Hi - I am planning a trip to fly from England in April 2018 and use the AMTRAK rail pass so see some of America.

It seems that I can buy a Rail Pass online.

Q1. How do I make a reservation using the pass?

Q2. Are Rail pass seats always available - what happens if the train is full?

Q3. Do I need to book well in advance or are there plenty of seats?

Thanks

Brian


----------



## zephyr17 (Jan 26, 2018)

You call the Amtrak reservation number to reserve segments.

My understanding is the pass seats are only available as long as there is "low bucket" Saver inventory left. If coach inventory has moved to a higher bucket, you cannot get a seat with a pass.

You need to book in advance. You need to approach booking segments exactly the same way you'd do it if you were buying a ticket without a pass. It is nothing like getting a seat reservation on a pass in Europe.

April is during the spring break period here (which does not happen all at one time, different schools go out at different times), and is a high travel period.


----------



## caravanman (Jan 26, 2018)

Hi Brian,

I have used the railpass myself, and I believe the same system is still in use...

You buy the railpass on the Amtrak website.

You receive a confirmation email with pass reference number.

(You collect the actual paper pass from whichever Amtrak station you nominated later, once you get to America.)

You can use a special overseas Amtrak email address to make your reservations.
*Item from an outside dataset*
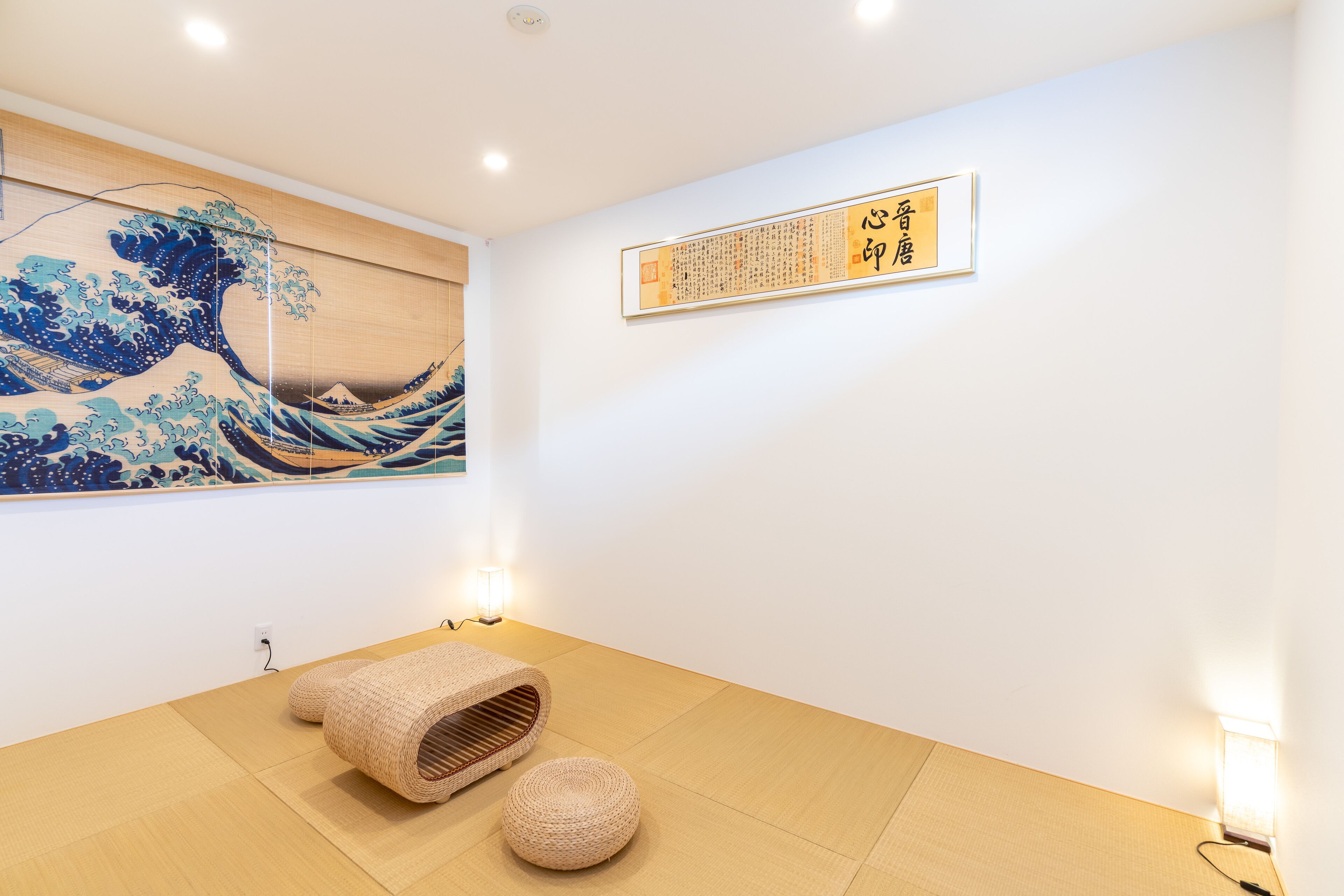 Una habitación con tatamis, un cuadro japonés con la imagen de una ola, una obra de caligrafía y una alfombra tejida en el suelo.
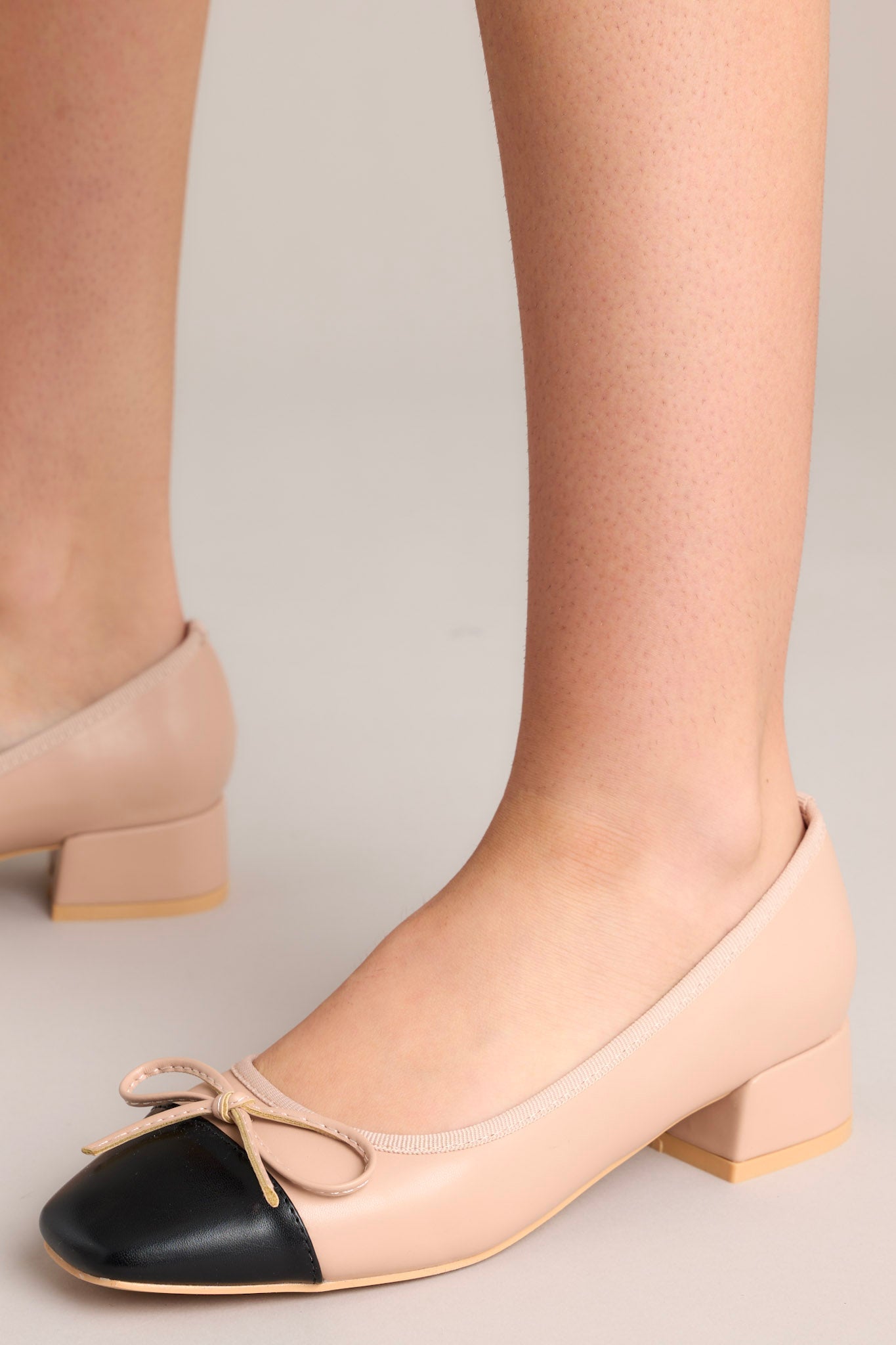 Full side profile of beige heels on a grey background, emphasizing the elegant curve and two-tone design.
I recommend that as the folk there are experienced with passes and foreign customers... You can phone and talk to an agent too, quoting your pass reference...

Make your reservations as early as possible.

You collect your pass and the pre arranged reserved tickets from the Amtrak station.

If all the lowest price railpass seats are sold out, you may still travel by paying the extra, so long as the whole train is not sold out.

Be aware that each time you change trains or even Amtrak connecting bus services you use up a pass segment.

You can try making dummy bookings on Amtrak.com to see how busy any train is at this moment for your required dates.

Ed.

PS This page should help: https://www.amtrak.com/deals-discounts/multi-ride-rail-passes/rail-passes/take-the-trains-across-america-with-usa-rail-pass


----------



## me_little_me (Jan 26, 2018)

caravanman said:


> Hi Brian,
> 
> I have used the railpass myself, and I believe the same system is still in use...
> 
> ...


You should also mention that it is often advisable, if more than the number of segments is needed, that one should pay cash (i.e. credit card also) for the short cheap segments and save the pass for the more expensive ones.


----------